Brief
Find the line in the entries below that contains "Incredibly Intricate! Vintage". Repeat it exactly, and every line after it through the line that contains "Etichete Școlare Smileys".
── The records
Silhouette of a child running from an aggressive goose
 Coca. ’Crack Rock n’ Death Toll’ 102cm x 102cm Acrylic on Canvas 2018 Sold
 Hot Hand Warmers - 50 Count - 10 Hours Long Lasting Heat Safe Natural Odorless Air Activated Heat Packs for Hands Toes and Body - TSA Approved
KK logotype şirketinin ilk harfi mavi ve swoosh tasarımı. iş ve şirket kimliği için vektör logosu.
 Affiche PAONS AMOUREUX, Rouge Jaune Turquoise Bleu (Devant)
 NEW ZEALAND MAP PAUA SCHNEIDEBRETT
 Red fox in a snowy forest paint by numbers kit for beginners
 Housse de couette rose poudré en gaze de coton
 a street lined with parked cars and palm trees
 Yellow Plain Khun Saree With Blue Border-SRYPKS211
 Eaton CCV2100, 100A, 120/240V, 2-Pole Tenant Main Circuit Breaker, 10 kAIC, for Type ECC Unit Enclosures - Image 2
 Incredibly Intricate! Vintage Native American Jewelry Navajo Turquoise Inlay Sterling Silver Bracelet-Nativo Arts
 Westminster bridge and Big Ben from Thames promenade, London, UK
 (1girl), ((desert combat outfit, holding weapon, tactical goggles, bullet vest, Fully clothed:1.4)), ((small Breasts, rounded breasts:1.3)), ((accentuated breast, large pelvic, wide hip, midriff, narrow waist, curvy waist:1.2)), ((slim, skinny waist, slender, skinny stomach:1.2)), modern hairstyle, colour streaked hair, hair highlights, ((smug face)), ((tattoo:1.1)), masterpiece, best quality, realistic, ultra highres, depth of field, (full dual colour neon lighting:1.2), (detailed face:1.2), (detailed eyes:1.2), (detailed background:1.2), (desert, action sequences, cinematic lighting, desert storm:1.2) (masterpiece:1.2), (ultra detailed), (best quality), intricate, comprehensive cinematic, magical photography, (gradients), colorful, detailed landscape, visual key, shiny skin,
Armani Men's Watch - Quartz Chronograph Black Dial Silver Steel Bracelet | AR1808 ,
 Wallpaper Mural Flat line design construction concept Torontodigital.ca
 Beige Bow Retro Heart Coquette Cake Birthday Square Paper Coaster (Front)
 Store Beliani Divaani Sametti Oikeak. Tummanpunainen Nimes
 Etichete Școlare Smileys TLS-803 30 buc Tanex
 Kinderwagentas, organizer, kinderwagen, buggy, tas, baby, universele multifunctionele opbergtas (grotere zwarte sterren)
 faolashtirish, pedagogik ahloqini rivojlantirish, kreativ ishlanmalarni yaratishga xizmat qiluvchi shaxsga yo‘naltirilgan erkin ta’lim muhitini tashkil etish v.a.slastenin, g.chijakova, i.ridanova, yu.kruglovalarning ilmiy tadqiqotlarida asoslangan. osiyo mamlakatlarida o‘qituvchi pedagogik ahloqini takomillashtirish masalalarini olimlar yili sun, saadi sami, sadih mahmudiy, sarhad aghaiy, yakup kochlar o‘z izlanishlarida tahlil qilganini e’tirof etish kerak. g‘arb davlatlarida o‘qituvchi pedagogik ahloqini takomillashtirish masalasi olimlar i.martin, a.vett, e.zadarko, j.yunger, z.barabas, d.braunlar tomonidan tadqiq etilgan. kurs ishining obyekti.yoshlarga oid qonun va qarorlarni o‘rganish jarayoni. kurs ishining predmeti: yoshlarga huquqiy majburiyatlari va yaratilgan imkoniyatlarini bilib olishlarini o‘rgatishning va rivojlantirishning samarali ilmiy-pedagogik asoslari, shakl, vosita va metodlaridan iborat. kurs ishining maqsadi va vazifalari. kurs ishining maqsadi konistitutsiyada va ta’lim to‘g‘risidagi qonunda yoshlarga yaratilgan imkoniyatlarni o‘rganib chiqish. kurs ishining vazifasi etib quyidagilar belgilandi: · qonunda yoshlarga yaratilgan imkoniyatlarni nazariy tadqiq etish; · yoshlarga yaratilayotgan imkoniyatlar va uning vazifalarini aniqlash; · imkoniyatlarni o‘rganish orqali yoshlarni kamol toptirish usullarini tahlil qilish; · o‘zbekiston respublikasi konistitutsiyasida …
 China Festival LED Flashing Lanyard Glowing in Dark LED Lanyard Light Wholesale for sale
────
Solution to this problem
 Incredibly Intricate! Vintage Native American Jewelry Navajo Turquoise Inlay Sterling Silver Bracelet-Nativo Arts
 Westminster bridge and Big Ben from Thames promenade, London, UK
 (1girl), ((desert combat outfit, holding weapon, tactical goggles, bullet vest, Fully clothed:1.4)), ((small Breasts, rounded breasts:1.3)), ((accentuated breast, large pelvic, wide hip, midriff, narrow waist, curvy waist:1.2)), ((slim, skinny waist, slender, skinny stomach:1.2)), modern hairstyle, colour streaked hair, hair highlights, ((smug face)), ((tattoo:1.1)), masterpiece, best quality, realistic, ultra highres, depth of field, (full dual colour neon lighting:1.2), (detailed face:1.2), (detailed eyes:1.2), (detailed background:1.2), (desert, action sequences, cinematic lighting, desert storm:1.2) (masterpiece:1.2), (ultra detailed), (best quality), intricate, comprehensive cinematic, magical photography, (gradients), colorful, detailed landscape, visual key, shiny skin,
Armani Men's Watch - Quartz Chronograph Black Dial Silver Steel Bracelet | AR1808 ,
 Wallpaper Mural Flat line design construction concept Torontodigital.ca
 Beige Bow Retro Heart Coquette Cake Birthday Square Paper Coaster (Front)
 Store Beliani Divaani Sametti Oikeak. Tummanpunainen Nimes
 Etichete Școlare Smileys TLS-803 30 buc Tanex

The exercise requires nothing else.